Tengo un nudo aquí en el pecho que no me deja respirar. Tengo tantas palabras atragantadas que siento que me falta el aire, que me ahogo, que no puedo avanzar.

Me dueles hasta en sitios insospechados, te echo de menos de la manera más bestia y salvaje que se puede echar de menos a alguien.

Vivo con un pánico constante a que te olvides de mí, de mi torpeza, de mi locura. Mendigándote migajas de cariño que me hagan sobrellevar esta cuarentena.

Vivo con un temor intermitente a no verte nunca más, a no volver a sonreír nunca más simplemente recibiendo un mensaje tuyo.
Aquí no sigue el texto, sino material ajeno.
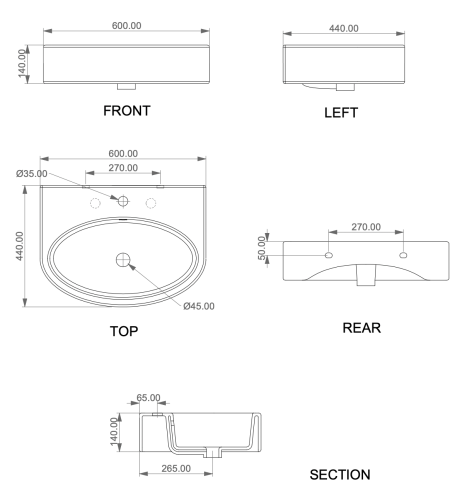 Раковина керамическая GSG Ceramic Design Like LKLAVBW60000 60х44 подвесная цвет белый 1 отверстие под смеситель - фото 2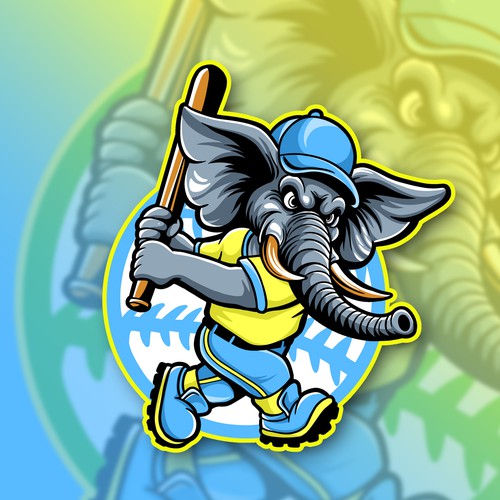 Travel Baseball Team Logo & Patch - Elephant Design by WiFiSign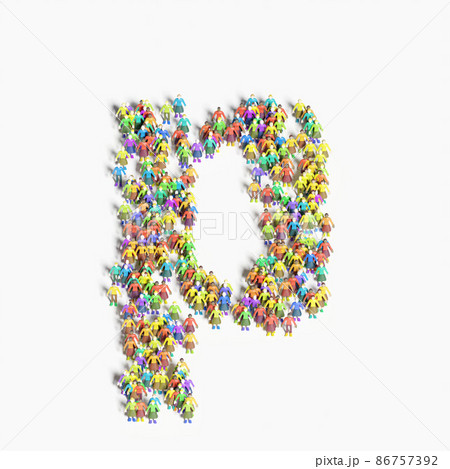 「P」の形に並ぶ人々のグラフィック(3Dイラスト) 「P」の形に並ぶ人々のグラフィック(3Dイラスト) 86757392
Lo peor de que me duelas tanto es que ya no me quedan fuerzas para nada más. Lo peor de que duela tanto es que sería de auténtica suicida seguir adelante. Los chutes de felicidad a mí ya no me compensan si después la abstinencia y las resacas son tan sumamente jodidas.

Y así, atascada en tierra de nadie, en silencio conmigo misma, he empezado a escucharme, y me entiendo más que nunca. Mi cabeza me exige que pare de una vez, que mi corazón va a estallar. Por una vez, parece que se han puesto de acuerdo.

¿Sabéis esa sensación constante de montaña rusa emocional? De estar arriba, abajo, dando vueltas, viviendo en primera carne loopings infernales, mareándote en un viaje que en el fondo, tarde o temprano, sabes que terminará.

Así que, por mi parte, he decidido desenfundarme el cinturón que, paradójicamente, me soltaba de la vida en vez de amarrarme a ella, bajarme del tren de la bruja y emprender mi huida. ¿Cobarde? Quizás.

Y si, alejándome de ti, ni siquiera eres capaz de echarme ni un poco de menos, quizás es que estoy haciendo lo correcto.

Se me hace tan duro renunciar a ti que a veces tengo mis momentos de debilidad, pero descuida, se me suele pasar.

Y esta noche por fin he llorado. Y poco a poco, he ido despeinando los nudos que tanto me están ahogando. Quizás mañana todo vuelva a enmarañarse de nuevo, y yo no sea capaz de desenredarlo, pero te juro que lo intentaré con toda mi alma.